Could studios be held liable for being party to artistic liberties in the pursuit of surround mixes? There is nothing specific in the legal literature yet on the matter, but precedent seems to indicate that they could. Over the last three years, the Recording Industry Association of America (RIAA) has sued several large CD replicators on the grounds that they were manufacturing discs containing material that was not properly licensed. And the suits have been successful—RIAA has won over $25 million in judgments against some replicators, including a record $10 million from Americ Disc alone.
It's unlikely that anyone will try to fill in missing guitar parts of a Jimi Hendrix record with a ringer.

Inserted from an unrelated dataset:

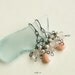 pink opal rose quartz freshwater pearl sterling silver chandelier earrings - LACE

But what happens when someone hires Jimmy Vivino to re-create the rhythm guitar part of a Foghat record from 1976 because the tape was damaged? "It's a matter of how significant the part is, and how it's represented," says Kraus.
As Zuma Digital's Graboyes points out, regardless of who owns the rights to musical material, there needs to be some acknowledgment of the implicit right of the original artist to maintain the integrity of the original artistic vision. "On the other hand, though, we also have to realize that musicians are at the extreme end of the artistic temperament," he says, "and we have to find ways to balance those needs with the need to get work done. All the while, we have to keep in mind that the financial records are part of the documentation of the assets, too. There's a lot to watch out for."